Hive环境搭建
centos安装hive3.1.2(精讲篇)
https://blog.csdn.net/m0_54925305/article/details/120554242?spm=1001.2014.3001.5502
Hive数据仓库的操作
一、创建数据库
hive> show databases; OK default Time taken: 0.067 seconds, Fetched: 1 row(s) hive> create database if not exists DB; OK Time taken: 0.064 seconds hive> show databases; OK db default Time taken: 0.018 seconds, Fetched: 2 row(s)
二、查看数据仓库DB的信息及路径
hive> describe database DB; OK db hdfs://master:9000/user/hive/warehouse/db.db root USER Time taken: 0.065 seconds, Fetched: 1 row(s)
Hive数据表的操作
Hive的数据表分为两种:内部表和外部表。
Hive创建内部表时,会将数据移动到数据仓库指向的路径;若创建外部表,仅记录数据所在的路径,不对数据的位置做任何改变。在删除表的时候,内部表的元数据和数据会被一起删除,而外部表只删除元数据,不删除数据。这样外部表相对来说更加安全些,数据组织也更加灵活,方便共享源数据,生产中常使用外部表。
下面详细介绍对表操作的命令及使用方法:
即将创建的表,表名不能和已有表名重复,否则会报错,现在我们show tables 一下,查看已存在的表。
一、创建一个名为cat的内部表,有两个字段为cat_id和cat_name,字符类型为string
hive> create table cat(cat_id string,cat_name string); OK Time taken: 0.72 seconds hive> show tables; OK cat Time taken: 0.057 seconds, Fetched: 1 row(s)

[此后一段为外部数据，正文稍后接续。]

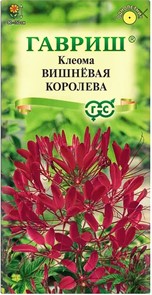 Клеома Вишневая королева 0,3 г (Гавриш)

二、创建一个外部表,表名为cat2,有两个字段为cat_id和cat_name,字符类型为string
hive> create external table if not exists goods(group_id string,group_name string) row format delimited fields terminated by '\t' location '/user/root/goods'; OK Time taken: 0.155 seconds hive> show tables; OK cat goods Time taken: 0.026 seconds, Fetched: 2 row(s)

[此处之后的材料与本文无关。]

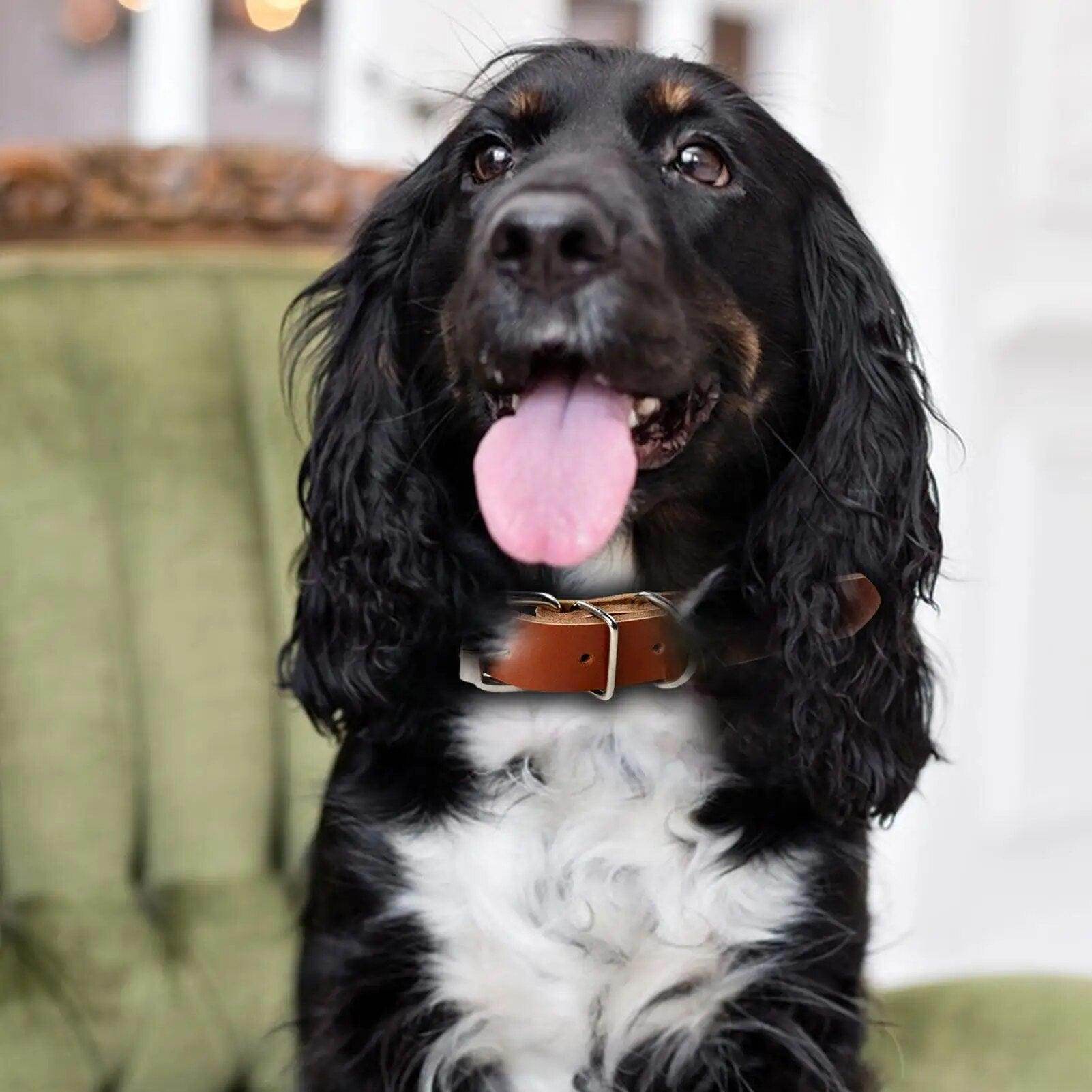 Rolled Leather Dog Collar - Chills Pet Pals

三、修改cat表的表结构。对cat表添加两个字段group_id和cat_code
hive> alter table cat add columns(group_id string,cat_code string); OK Time taken: 0.372 seconds hive> desc cat; OK cat_id string cat_name string group_id string cat_code string Time taken: 0.087 seconds, Fetched: 4 row(s)
四、修改表名cat为cat2
hive> alter table cat rename to cat2; OK Time taken: 0.275 seconds
这个命令可以让用户为表更名,数据所在的位置和分区名并不改变。
五、创建与已知表相同结构的表,创建一个与cat表结构相同的表,名为cat3,这里要用到 like 关键字
hive> create table cat3 like cat2; OK Time taken: 1.391 seconds hive> show tables; OK cat2 cat3 goods Time taken: 0.047 seconds, Fetched: 3 row(s) hive> desc cat3; OK cat_id string cat_name string group_id string cat_code string Time taken: 0.118 seconds, Fetched: 4 row(s)
Hive中数据的导入与导出
一、从本地文件系统中导入数据到Hive表
首先,在Hive 中创建一个cat_group表,包含group_id和group_name两个字段,字符类型为string,以“\t”为分隔符,并查看结果。

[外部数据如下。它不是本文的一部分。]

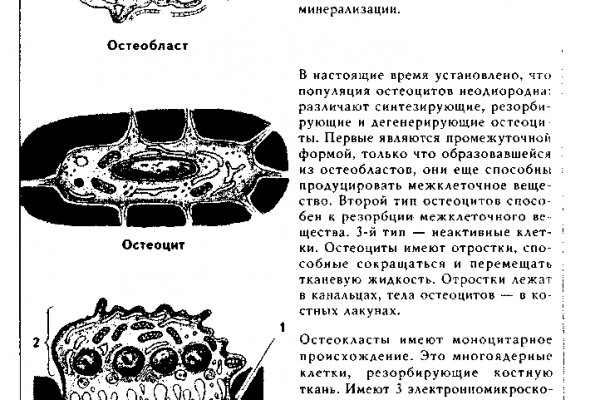 Официальная ссылка кракен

hive> create table cat_group(group_id string,group_name string) row format delimited fields terminated by '\t' stored as textfile; OK Time taken: 0.218 seconds hive> show tables; OK cat2 cat3 cat_group goods Time taken: 0.048 seconds, Fetched: 4 row(s)
[row format delimited]关键字,是用来设置创建的表在加载数据的时候,支持的列分隔符。
[stored as textfile]关键字,是用来设置加载数据的数据类型,默认是 TEXTFILE,如果文件数据是纯文本,就是使用[stored as textfile],然后从本地直接拷贝到HDFS上,Hive直接可以识别数据。
二、将Linux本地 /input/hive/目录下的myhive 文件导入到 Hive 中的cat_group表中
hive> load data local inpath '/input/hive/myhive' into table cat_group; Loading data to table db.cat_group OK Time taken: 1.081 seconds
通过select语句查看cat_group表中是否成功导入数据,使用limit关键字限制输出5条记录。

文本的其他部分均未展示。